Washington: The United States has found five units of Israel's security forces responsible for "gross violations" of human rights, marking the first time Washington has reached such a conclusion about Israeli forces, the US Department of State said on Monday. However, it has not barred any of the units from receiving US military assistance even during the seven-month-long war.
Israel has conducted "remediation" in the cases of four of the units in compliance with US law prohibiting military assistance to security force units that commit such abuses and have not been brought to justice, State Department deputy spokesperson Vedant Patel told reporters. These incidents had taken place outside of Gaza before the October 7 attack by Hamas in Israel that unleashed a devastating military response.

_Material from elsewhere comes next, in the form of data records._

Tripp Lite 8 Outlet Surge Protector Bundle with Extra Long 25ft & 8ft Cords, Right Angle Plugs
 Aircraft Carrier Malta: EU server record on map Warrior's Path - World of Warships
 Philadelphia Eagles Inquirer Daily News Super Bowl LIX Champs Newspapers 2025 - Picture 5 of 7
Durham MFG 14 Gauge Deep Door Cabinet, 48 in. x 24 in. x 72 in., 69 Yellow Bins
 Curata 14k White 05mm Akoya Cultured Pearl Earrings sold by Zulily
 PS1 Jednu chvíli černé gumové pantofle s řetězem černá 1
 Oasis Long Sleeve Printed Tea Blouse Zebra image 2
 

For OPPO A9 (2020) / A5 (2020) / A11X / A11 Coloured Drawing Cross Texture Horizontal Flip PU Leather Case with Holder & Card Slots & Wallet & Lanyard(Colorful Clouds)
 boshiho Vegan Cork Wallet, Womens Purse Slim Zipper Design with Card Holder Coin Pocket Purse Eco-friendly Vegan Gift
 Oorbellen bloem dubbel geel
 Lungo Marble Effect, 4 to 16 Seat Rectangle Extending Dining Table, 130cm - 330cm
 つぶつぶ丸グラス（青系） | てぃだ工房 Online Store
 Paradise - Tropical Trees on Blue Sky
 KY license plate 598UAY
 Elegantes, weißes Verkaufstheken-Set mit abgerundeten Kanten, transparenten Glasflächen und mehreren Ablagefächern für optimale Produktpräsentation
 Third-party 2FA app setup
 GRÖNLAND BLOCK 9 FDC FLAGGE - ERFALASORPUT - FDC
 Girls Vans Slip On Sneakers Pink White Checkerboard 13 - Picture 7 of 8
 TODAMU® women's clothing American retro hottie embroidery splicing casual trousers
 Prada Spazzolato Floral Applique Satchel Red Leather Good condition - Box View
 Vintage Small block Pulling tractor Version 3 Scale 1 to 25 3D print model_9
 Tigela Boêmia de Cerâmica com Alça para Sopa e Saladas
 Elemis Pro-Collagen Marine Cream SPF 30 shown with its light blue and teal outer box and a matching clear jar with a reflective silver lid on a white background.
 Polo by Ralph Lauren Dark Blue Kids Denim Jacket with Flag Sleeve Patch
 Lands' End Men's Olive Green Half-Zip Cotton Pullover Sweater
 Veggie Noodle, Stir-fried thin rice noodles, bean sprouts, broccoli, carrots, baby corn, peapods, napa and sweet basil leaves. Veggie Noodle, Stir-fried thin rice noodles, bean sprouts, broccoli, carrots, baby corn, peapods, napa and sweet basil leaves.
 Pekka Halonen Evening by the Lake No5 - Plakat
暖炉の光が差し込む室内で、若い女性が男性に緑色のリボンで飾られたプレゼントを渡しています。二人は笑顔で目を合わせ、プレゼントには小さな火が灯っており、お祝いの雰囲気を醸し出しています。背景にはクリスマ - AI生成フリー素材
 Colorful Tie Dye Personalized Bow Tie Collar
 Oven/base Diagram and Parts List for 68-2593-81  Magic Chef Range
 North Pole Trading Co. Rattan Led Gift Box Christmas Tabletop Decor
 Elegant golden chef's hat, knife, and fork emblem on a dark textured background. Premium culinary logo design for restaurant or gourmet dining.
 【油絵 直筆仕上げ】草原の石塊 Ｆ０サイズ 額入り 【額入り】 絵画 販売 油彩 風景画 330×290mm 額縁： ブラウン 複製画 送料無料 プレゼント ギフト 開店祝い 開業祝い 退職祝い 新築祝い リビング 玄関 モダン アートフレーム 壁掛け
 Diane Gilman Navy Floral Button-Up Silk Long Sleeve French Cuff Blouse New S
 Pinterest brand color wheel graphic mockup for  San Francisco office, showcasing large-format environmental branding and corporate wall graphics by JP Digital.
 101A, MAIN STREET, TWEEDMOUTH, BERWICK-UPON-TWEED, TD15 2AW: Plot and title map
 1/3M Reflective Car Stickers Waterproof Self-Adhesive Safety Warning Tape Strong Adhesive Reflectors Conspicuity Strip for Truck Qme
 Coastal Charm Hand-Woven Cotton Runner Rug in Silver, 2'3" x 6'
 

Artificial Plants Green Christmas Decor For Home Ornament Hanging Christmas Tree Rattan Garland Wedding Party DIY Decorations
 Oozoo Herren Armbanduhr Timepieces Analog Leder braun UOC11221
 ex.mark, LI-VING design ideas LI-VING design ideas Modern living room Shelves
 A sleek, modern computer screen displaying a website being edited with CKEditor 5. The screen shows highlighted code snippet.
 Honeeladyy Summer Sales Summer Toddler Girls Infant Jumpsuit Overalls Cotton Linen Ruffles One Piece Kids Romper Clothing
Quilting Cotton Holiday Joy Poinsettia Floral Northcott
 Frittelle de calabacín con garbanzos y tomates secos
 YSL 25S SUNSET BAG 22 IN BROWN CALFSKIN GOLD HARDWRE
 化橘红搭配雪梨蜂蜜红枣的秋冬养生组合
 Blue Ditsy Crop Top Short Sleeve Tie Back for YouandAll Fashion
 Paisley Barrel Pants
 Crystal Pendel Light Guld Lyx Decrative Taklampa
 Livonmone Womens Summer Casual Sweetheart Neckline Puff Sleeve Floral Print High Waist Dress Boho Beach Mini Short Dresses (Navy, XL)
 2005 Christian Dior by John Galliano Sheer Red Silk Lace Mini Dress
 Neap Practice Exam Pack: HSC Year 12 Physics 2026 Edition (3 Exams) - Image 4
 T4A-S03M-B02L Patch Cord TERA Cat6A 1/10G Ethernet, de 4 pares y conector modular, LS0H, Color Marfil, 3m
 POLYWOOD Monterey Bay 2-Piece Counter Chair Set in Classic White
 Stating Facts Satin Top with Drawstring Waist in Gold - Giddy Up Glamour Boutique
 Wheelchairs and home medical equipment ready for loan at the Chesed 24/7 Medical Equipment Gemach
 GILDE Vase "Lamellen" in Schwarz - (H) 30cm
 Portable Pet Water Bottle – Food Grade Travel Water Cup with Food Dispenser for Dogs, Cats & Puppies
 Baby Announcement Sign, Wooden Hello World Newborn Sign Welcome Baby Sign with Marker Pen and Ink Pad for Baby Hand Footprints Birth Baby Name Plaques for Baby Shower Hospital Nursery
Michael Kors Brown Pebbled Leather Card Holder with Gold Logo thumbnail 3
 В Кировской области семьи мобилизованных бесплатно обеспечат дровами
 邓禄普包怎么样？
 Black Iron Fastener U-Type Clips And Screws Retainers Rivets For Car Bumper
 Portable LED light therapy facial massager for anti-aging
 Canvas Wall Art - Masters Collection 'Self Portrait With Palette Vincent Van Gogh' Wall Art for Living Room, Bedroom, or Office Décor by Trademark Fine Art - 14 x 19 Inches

Human rights groups say they have reported incidents involving Israeli units including extrajudicial killings, torture and physical abuse to the State Department, most of them committed against Palestinians in the Israeli-occupied West Bank. However, Patel declined to offer specifics on the violations the US looked at, which units were involved or what remediation steps were taken.
While Israel has conducted remediation for four units, Washington has not yet determined whether there has been sufficient remediation in the case of the fifth unit and was still in discussions with Israel over the matter, according to Patel. The fifth unit is believed to be the Netzah Yehuda battalion of the Israel Defense Forces, which has been implicated in the 2022 death of 78-year-old Palestinian-American Omar Assad.
US findings on Assad's death
US Secretary of State Antony Blinken on April 19 said he had made determinations regarding allegations of human rights violations by Israeli forces after the Pro Publica investigative news organisation reported State Department officials had recommended Israeli units be disqualified from receiving US aid under the Leahy Laws - authored by US Senator Patrick Leahy in the late 1990s.
Following that statement, Israeli Prime Minister Benjamin Netanyahu said he would fight against sanctions imposed against Israeli units and Israeli war cabinet members Benny Gantz and Yoav Gallant both held calls with Blinken. Dealings with Israel have become an intense focus of US election-year politics, and House of Representatives Speaker Mike Johnson, the country's highest-ranking Republican, asked Blinken for assurances over the timely delivery of military aid to Israel included in a funding bill passed last week, Johnson's office said.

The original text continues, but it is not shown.